Problem details: Could you write out exactly, and only, the lines from the one containing "Introducing the 2014" through the last line of the data, leaving out all pictures?

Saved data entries
- Opening Delimiter -

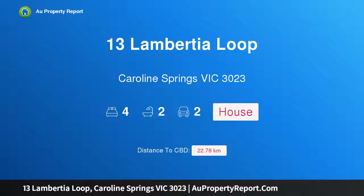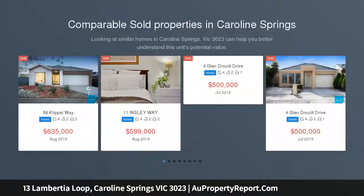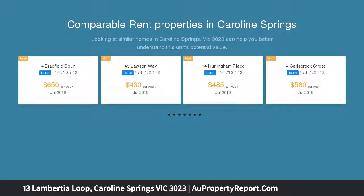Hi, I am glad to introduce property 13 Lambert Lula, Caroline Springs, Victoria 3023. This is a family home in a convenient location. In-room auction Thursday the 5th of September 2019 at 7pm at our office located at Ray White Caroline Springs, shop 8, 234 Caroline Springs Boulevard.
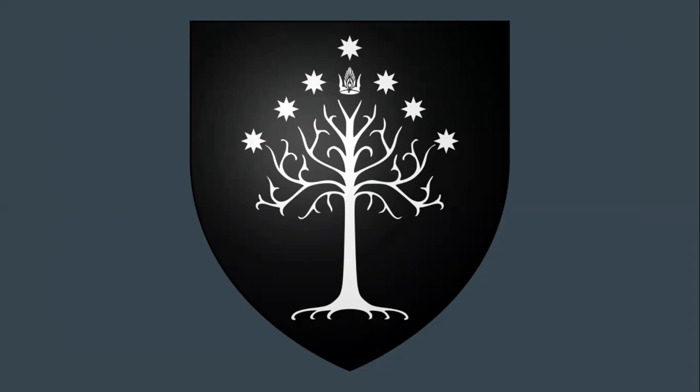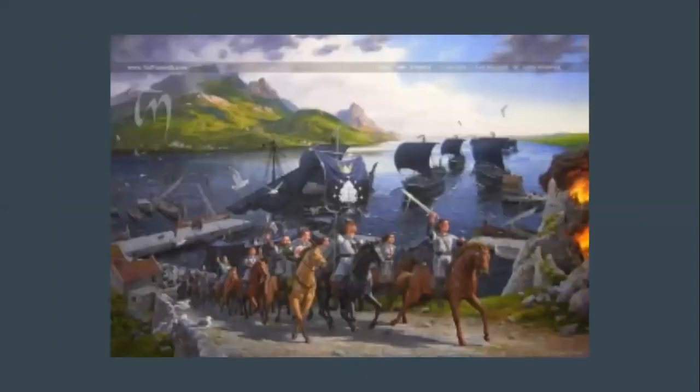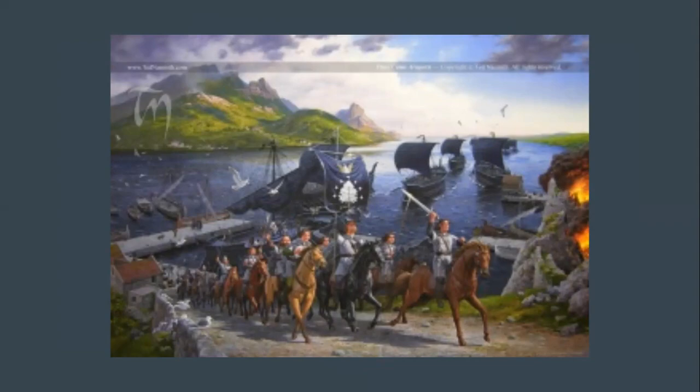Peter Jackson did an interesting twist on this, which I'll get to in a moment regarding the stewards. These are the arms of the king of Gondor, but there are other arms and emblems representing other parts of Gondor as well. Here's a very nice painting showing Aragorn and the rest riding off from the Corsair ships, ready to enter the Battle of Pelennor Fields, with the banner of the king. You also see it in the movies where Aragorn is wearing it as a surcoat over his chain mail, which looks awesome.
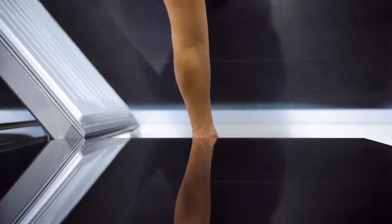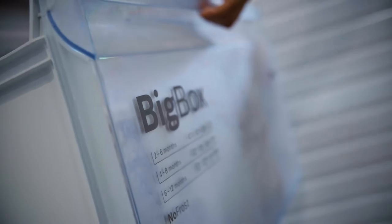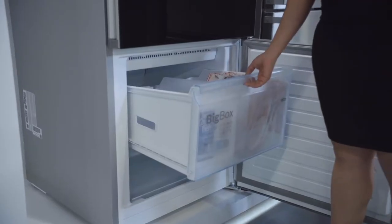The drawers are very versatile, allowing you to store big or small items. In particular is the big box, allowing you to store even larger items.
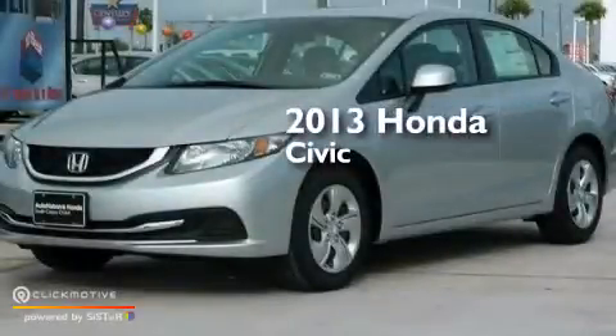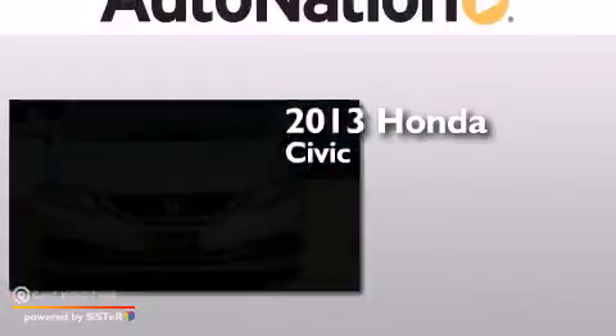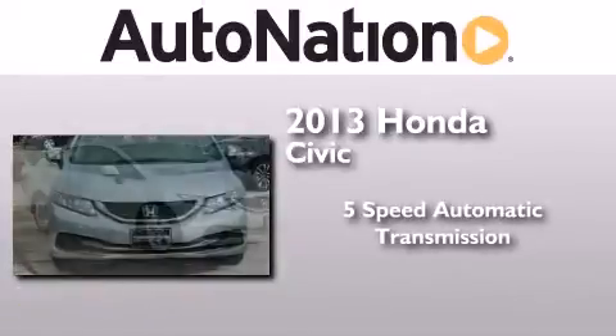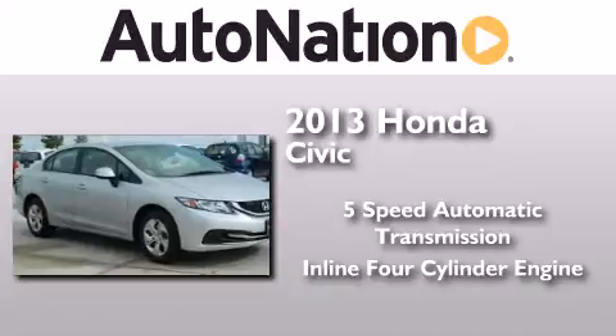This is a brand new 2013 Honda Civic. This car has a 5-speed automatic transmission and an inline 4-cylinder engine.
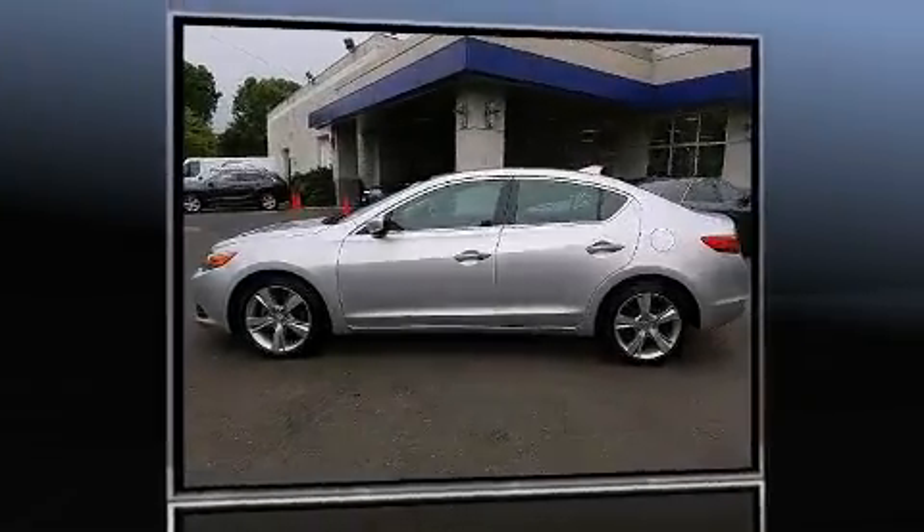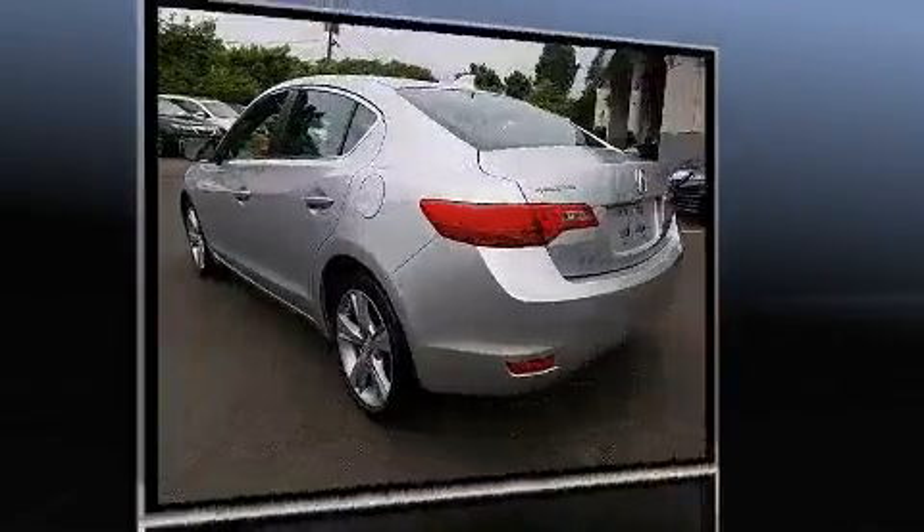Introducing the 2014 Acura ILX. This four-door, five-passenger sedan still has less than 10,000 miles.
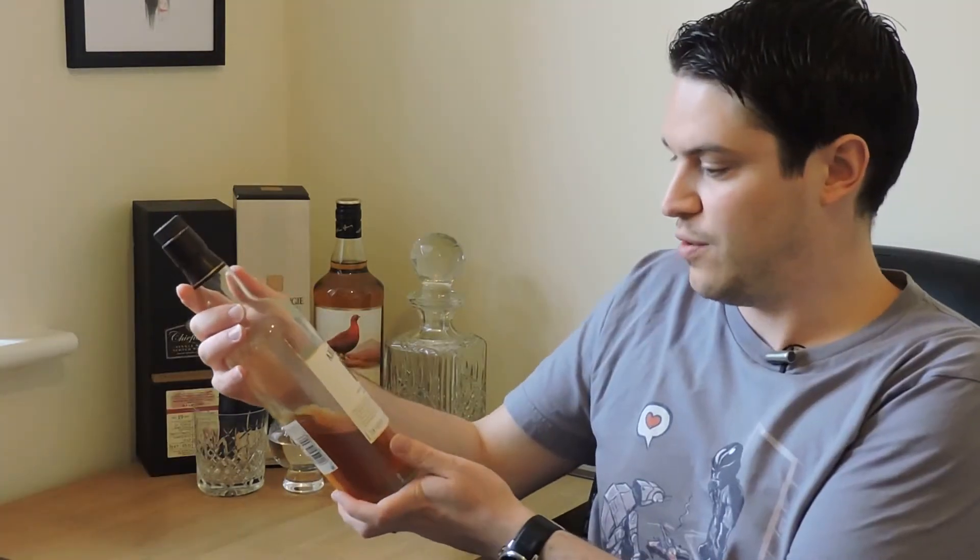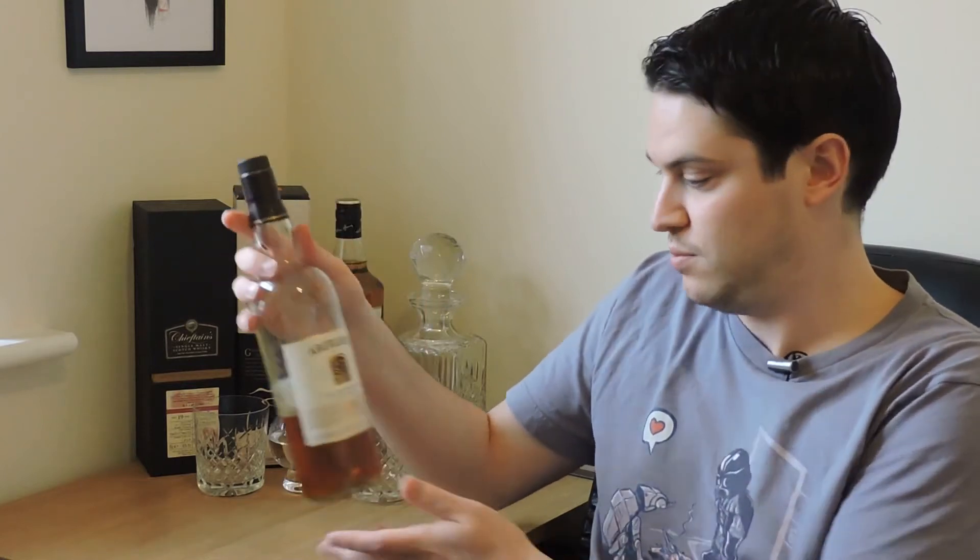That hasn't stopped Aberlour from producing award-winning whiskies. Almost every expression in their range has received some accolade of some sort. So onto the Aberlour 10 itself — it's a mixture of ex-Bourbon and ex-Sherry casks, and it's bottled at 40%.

- Closing Delimiter -

Output of the task:
Introducing the 2014 Acura ILX. This four-door, five-passenger sedan still has less than 10,000 miles.
That hasn't stopped Aberlour from producing award-winning whiskies. Almost every expression in their range has received some accolade of some sort. So onto the Aberlour 10 itself — it's a mixture of ex-Bourbon and ex-Sherry casks, and it's bottled at 40%.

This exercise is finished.